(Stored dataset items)
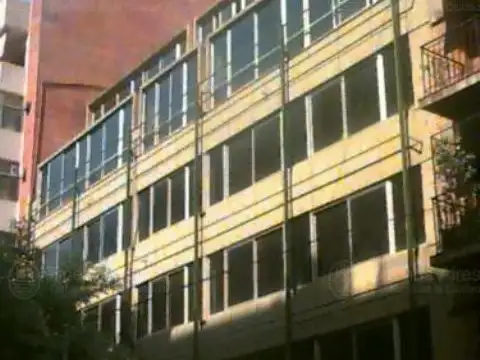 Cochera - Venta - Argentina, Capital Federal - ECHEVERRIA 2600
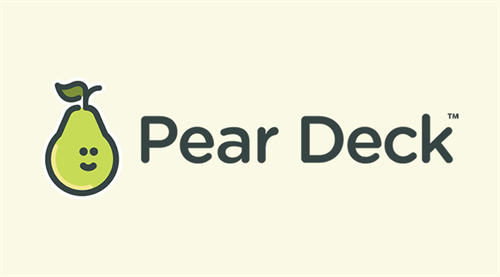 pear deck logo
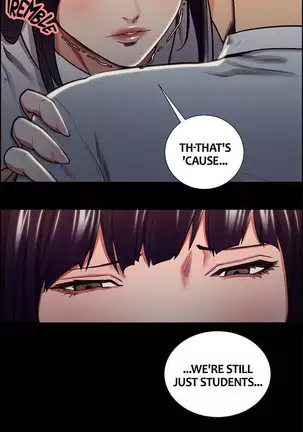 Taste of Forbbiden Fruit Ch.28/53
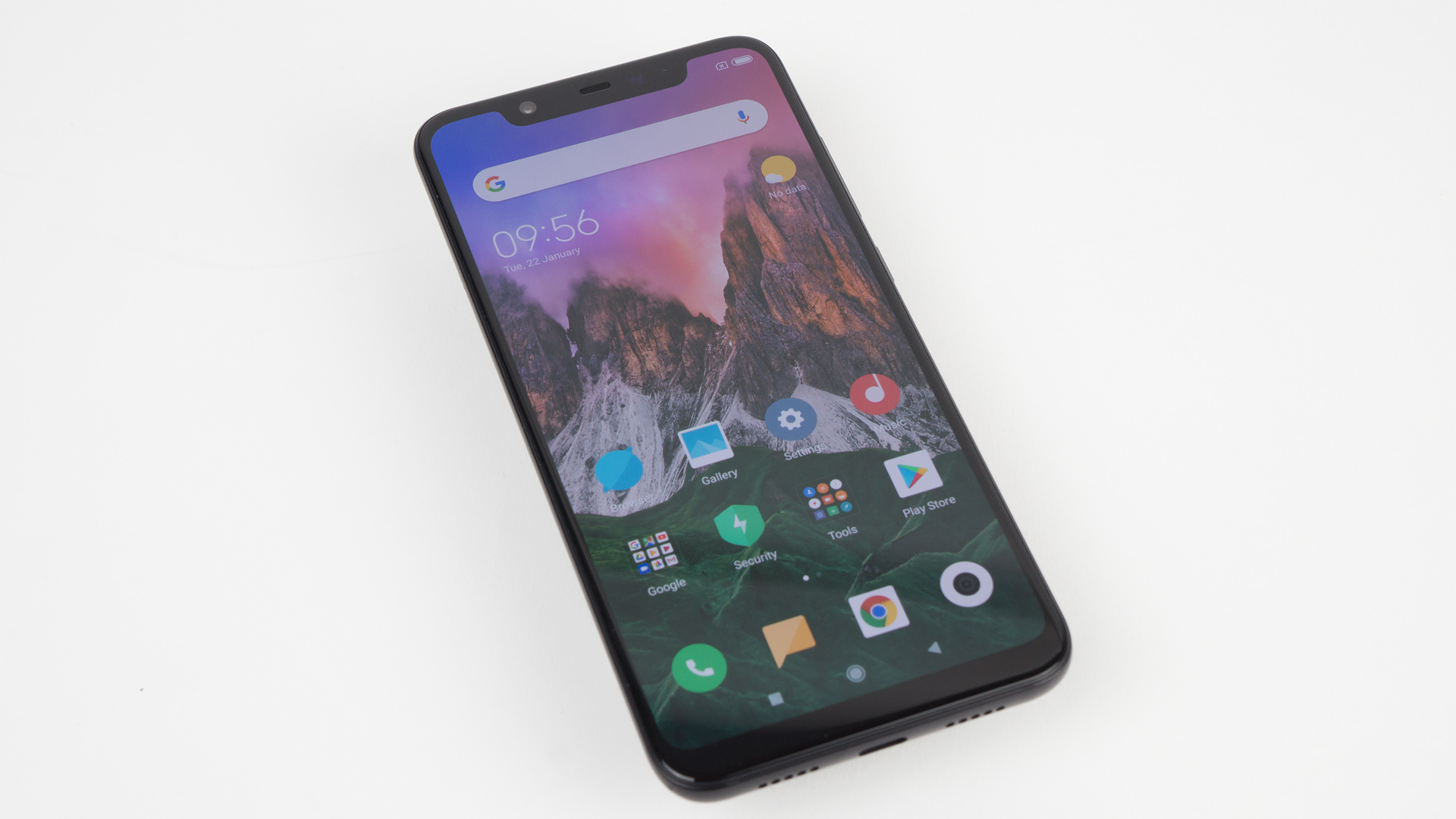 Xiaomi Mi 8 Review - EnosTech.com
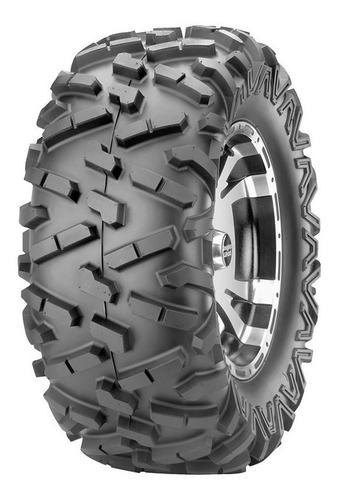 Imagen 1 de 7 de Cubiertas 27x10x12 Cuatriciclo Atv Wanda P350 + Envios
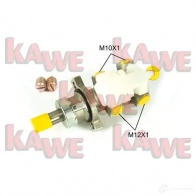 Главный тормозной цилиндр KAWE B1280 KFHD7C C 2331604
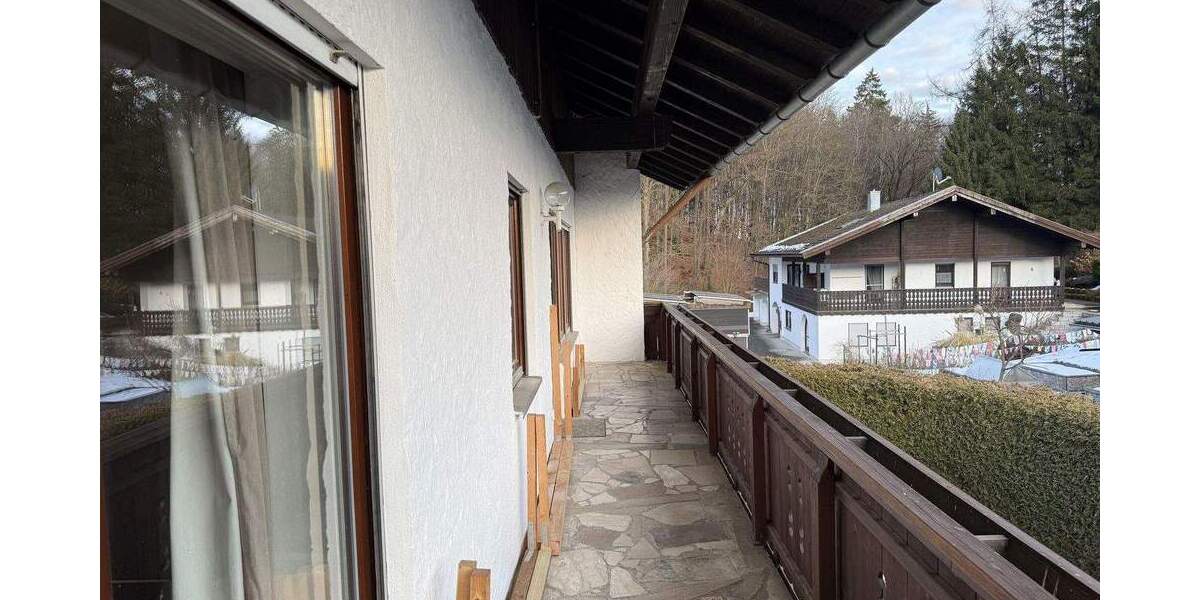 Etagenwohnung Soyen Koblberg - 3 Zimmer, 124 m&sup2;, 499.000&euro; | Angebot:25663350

-- TASK REQUIREMENTS --
Retype exactly the lines from the line containing "Xiaomi Mi 8 Review - EnosTech.com" through the end of the entries above, including both ends, and leave every picture out.

-- RESULT --
 Xiaomi Mi 8 Review - EnosTech.com
 Imagen 1 de 7 de Cubiertas 27x10x12 Cuatriciclo Atv Wanda P350 + Envios
 Главный тормозной цилиндр KAWE B1280 KFHD7C C 2331604
 Etagenwohnung Soyen Koblberg - 3 Zimmer, 124 m&sup2;, 499.000&euro; | Angebot:25663350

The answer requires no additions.